Seals died at his home in Nashville, Tennessee on June 6, 2022, aged 79, after a long illness.
And here is an interesting article about "Summer Breeze."
It took a couple of years for Seals and Crofts to record “Summer Breeze” to their satisfaction, but when the song—with its catchy hook and indelible chorus evoking sunnier times—finally hit the airwaves, in 1972, Jim’s nostalgia became everybody’s. ... Their smiling, bearded faces were everywhere as soft rock was embraced by millions and ruled the pop charts for much of the rest of the seventies—even as it was reviled by critics, who pointed their fingers at Southern California as the likely source of this plague of mellow.
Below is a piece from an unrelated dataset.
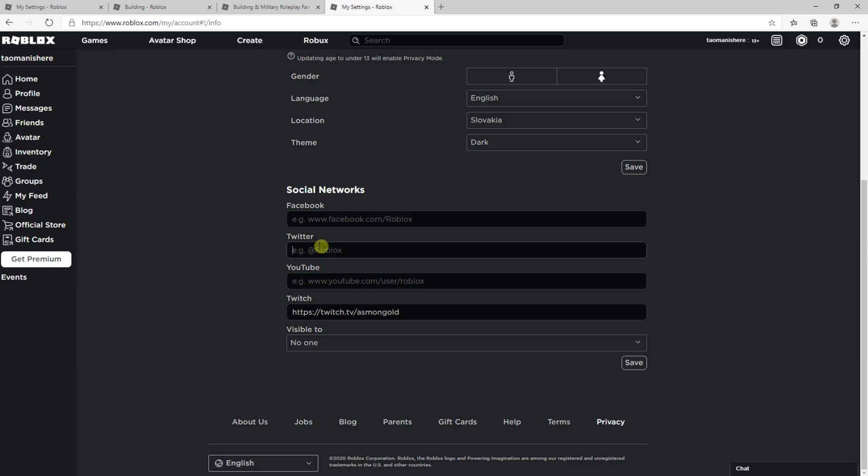you just want to write your Twitter account and that's pretty much how we do it. So yeah, you just add here your Twitter account. Thank you very much everybody for watching. If you have any questions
Sitting in his house in tiny Rankin, Texas, a retired oil field roughneck and guitar player named Wayland Seals knew better. Wayland was Jim’s father, and he knew firsthand that L.A. wasn’t soft rock’s sole origin point. In fact, some of the genre’s deepest roots ran under the sidewalks and streets of the very town he lived in—and then pushed out through the barren fields of West Texas. It was a vast, desolate area, one that Wayland knew well, one where young men with pitch-black grit under their fingernails and dried mud in their hair dreamed of country music every day and played it every night.